To be perfect competition, there are four criteria that need to be met.
- Identical Products: Each seller must sell the same sort of product. Take the oranges commodity. There are different varieties of oranges, but a mandarin orange is a mandarin orange; a navel orange is a navel orange. Someone might claim to have better soil or greater weather conditions that yield a tastier orange, but it’s still an orange.
- Easy Entrance: Beginning a business is easily done and doesn’t have prohibitive regulation. For instance, if someone wants to sell oranges, they must only have land, be able to plant orange trees and produce good-quality crops that the market will consider saleable.
- Many Sellers: There is no stranglehold on the industry, and no one has the advantage over the next competitor. They may have a lower cost because of their overhead or how they’ve amortized things, but there is plenty of competition. In the oranges example, Florida has 4,000 growers employing 76,000 people in an industry that accounts for $9 billion sales annually, second only to Brazil in worldwide clout; all selling a few varieties of one thing – oranges.
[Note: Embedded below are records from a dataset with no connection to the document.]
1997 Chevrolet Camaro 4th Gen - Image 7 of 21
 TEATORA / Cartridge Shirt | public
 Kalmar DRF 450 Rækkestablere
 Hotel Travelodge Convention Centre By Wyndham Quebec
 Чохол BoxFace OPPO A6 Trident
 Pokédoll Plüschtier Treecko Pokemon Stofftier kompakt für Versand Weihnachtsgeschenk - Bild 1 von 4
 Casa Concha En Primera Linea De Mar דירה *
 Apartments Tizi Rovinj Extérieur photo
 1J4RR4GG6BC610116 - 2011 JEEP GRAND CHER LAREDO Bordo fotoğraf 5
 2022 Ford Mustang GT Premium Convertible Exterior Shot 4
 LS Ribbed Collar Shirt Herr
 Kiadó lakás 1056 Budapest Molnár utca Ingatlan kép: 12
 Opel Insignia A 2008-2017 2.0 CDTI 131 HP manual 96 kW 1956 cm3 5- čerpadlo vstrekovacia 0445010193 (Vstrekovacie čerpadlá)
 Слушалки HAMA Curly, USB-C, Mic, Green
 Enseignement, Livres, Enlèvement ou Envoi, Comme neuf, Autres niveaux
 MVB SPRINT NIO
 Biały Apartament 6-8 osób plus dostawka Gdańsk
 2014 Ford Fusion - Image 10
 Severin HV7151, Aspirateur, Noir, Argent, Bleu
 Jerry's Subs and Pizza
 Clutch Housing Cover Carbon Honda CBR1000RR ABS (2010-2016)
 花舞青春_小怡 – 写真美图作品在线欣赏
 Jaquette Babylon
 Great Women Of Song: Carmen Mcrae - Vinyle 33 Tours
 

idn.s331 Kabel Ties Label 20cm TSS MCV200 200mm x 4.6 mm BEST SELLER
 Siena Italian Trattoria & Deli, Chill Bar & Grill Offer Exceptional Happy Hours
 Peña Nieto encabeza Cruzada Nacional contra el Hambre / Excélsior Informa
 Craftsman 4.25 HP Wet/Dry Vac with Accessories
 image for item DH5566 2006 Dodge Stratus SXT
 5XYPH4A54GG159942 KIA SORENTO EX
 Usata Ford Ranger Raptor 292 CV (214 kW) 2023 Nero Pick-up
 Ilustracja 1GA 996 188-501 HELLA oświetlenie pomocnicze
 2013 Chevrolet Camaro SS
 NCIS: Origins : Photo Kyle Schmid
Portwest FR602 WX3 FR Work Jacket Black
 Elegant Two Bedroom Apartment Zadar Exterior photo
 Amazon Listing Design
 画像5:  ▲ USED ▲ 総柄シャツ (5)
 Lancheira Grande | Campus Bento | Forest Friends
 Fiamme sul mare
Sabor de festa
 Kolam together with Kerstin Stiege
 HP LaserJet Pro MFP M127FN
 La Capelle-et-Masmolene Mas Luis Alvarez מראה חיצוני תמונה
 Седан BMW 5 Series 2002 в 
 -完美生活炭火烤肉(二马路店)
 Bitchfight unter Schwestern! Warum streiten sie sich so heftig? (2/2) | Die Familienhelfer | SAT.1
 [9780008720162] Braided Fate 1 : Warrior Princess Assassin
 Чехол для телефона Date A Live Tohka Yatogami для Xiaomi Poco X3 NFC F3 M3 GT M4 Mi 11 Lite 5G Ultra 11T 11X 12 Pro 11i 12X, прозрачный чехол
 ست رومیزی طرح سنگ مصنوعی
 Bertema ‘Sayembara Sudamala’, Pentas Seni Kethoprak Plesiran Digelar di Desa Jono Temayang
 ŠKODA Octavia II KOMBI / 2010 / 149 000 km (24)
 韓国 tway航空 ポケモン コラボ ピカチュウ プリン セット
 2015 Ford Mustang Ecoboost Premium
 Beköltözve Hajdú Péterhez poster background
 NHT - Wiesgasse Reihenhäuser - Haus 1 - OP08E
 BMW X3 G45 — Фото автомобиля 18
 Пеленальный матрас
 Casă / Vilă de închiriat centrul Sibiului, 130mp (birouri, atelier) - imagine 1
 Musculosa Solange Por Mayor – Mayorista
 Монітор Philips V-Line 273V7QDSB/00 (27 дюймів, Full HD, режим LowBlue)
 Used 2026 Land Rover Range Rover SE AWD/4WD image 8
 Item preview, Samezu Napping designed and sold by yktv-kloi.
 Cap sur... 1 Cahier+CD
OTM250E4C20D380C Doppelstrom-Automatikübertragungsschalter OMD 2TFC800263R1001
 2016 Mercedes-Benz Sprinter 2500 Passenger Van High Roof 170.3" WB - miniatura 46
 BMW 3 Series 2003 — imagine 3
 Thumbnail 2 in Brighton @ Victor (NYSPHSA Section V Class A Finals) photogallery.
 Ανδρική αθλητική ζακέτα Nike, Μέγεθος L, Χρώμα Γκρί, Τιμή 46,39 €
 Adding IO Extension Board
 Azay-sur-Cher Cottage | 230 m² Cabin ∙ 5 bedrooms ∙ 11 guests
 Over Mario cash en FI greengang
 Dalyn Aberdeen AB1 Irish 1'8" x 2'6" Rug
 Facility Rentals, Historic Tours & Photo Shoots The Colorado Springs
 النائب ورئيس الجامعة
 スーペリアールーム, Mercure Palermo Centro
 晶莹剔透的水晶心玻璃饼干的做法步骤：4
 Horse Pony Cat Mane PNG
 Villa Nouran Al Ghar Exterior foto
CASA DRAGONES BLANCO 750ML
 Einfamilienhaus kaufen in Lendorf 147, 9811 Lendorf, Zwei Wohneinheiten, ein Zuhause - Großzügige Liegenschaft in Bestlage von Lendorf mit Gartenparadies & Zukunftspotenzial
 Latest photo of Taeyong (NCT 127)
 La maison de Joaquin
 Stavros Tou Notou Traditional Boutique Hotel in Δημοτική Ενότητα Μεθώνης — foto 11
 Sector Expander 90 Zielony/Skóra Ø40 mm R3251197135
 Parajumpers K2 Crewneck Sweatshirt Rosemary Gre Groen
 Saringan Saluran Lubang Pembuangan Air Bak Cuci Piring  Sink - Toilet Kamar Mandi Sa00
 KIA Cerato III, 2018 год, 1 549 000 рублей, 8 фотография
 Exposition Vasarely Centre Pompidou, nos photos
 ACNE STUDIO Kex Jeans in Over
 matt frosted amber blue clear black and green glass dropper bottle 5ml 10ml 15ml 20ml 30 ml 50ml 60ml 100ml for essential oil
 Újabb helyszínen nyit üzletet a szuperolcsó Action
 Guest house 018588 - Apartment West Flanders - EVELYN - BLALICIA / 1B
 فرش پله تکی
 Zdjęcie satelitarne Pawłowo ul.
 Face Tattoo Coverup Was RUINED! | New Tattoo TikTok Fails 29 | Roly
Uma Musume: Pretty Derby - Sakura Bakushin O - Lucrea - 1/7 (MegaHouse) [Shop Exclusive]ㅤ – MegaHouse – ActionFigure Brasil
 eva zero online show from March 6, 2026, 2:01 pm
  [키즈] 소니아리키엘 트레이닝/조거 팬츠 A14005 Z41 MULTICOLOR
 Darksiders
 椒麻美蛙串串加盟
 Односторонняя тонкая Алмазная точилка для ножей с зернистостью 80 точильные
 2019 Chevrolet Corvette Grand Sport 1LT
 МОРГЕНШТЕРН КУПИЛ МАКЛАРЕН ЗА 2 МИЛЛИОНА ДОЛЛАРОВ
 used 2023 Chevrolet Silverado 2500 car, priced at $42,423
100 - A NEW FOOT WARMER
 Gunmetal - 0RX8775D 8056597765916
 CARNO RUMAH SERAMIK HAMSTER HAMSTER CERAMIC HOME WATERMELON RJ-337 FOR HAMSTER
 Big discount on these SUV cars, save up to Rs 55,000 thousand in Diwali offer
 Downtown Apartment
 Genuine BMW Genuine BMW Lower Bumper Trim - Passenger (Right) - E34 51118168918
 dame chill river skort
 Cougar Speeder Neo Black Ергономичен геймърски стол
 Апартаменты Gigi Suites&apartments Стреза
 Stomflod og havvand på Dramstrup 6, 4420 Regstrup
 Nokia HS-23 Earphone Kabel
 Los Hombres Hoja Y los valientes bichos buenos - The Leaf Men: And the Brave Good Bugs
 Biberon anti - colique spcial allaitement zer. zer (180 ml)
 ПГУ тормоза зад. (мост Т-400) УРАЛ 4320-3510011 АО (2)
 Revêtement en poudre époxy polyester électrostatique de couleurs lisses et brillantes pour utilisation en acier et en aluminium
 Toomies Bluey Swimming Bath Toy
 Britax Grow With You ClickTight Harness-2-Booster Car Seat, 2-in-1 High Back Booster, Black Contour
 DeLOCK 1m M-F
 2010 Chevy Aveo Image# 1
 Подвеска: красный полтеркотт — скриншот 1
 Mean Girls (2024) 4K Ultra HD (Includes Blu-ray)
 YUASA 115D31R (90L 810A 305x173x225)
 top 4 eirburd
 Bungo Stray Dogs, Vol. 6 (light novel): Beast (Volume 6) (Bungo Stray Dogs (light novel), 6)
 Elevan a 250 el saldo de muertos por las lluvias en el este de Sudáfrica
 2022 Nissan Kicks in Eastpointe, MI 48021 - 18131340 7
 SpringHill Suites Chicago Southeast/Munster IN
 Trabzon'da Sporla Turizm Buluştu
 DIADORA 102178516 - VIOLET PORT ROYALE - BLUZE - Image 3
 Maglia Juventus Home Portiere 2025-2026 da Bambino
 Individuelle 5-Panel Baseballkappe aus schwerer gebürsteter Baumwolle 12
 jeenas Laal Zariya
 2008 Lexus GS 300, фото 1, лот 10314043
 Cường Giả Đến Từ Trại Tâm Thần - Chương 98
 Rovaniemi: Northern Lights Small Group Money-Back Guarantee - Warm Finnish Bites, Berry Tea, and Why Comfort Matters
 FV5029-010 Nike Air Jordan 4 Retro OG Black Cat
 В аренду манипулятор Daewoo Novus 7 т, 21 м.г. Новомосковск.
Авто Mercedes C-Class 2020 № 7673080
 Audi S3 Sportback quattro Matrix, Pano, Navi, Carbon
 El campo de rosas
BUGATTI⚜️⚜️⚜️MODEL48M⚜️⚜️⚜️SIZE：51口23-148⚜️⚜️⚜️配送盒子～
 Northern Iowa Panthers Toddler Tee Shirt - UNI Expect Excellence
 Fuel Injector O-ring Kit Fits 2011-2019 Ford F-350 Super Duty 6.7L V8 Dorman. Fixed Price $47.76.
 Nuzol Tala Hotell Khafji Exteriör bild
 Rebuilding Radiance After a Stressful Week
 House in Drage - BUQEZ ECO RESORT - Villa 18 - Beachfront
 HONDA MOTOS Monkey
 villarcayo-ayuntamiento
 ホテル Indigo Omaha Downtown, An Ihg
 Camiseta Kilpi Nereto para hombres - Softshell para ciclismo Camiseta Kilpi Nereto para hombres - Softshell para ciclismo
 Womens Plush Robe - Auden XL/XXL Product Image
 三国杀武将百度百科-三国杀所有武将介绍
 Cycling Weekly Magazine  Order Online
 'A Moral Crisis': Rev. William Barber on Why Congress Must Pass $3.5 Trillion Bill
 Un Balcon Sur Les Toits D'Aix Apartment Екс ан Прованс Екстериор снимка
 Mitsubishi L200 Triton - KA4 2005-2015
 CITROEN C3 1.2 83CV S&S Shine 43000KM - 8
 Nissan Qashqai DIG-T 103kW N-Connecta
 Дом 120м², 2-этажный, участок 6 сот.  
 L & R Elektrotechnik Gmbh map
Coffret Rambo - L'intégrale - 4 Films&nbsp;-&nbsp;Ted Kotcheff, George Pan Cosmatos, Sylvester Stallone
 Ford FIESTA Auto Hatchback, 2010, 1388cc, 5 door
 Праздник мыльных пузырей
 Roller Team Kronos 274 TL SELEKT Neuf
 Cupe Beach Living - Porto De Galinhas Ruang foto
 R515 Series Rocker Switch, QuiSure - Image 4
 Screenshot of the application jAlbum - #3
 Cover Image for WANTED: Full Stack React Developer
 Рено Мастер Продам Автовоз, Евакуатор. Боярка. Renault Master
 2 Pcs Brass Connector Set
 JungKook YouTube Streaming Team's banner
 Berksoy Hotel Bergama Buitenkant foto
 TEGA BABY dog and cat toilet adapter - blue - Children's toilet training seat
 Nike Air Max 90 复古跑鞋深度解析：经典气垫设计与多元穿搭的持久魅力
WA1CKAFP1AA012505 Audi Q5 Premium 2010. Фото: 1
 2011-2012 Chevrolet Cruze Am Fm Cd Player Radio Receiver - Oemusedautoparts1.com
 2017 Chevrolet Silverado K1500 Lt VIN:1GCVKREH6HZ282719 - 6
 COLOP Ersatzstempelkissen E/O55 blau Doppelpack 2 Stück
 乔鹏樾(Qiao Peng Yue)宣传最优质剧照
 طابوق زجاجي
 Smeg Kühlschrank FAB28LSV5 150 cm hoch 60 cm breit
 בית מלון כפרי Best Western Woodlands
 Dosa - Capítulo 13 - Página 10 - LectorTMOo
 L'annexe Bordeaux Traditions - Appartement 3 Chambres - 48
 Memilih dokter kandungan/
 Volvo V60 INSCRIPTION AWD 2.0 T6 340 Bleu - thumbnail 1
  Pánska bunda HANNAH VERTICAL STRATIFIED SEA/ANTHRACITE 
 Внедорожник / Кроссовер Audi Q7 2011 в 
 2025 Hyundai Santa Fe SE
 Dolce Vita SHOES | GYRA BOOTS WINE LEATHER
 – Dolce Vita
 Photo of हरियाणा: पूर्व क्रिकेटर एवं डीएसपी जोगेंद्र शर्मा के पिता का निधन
- Perfect Information: This is the aspect that most limits a market’s ability to be pure competition because it’s so difficult to get the equivalent information on each product and supplier – even in the internet age. When considering oranges, perhaps the information is spotty on one seller versus the next – like where specifically the oranges hail from, what quality of soil they're grown in and how clean or safe the soil and water supplies are for this grower’s Valencia oranges versus Martin’s Magical Grove a few miles away. When it comes to an edible product like oranges, this information affects the product’s end sale to, say, a healthier-living food store where they could command a higher wholesale price than maybe some low-market produce shop on an income-challenged side of town.
Realistically, perfection isn’t possible – not in people, not in products and not in markets. But agricultural markets come close to being pure competition, and it’s why the lower, more competitive profit margins can make the agricultural industries tough to survive when losses accumulate. That accounts, in part, for why Florida’s farmers are feeling the squeeze after repeated hurricanes, like Irma, have left the growers bruised. Today, the number of orange producers is nearly half what it was just a decade ago. Luckily for them, the U.S. is a mixed economic system, and federal aid is helping many to weather those tough financial storms.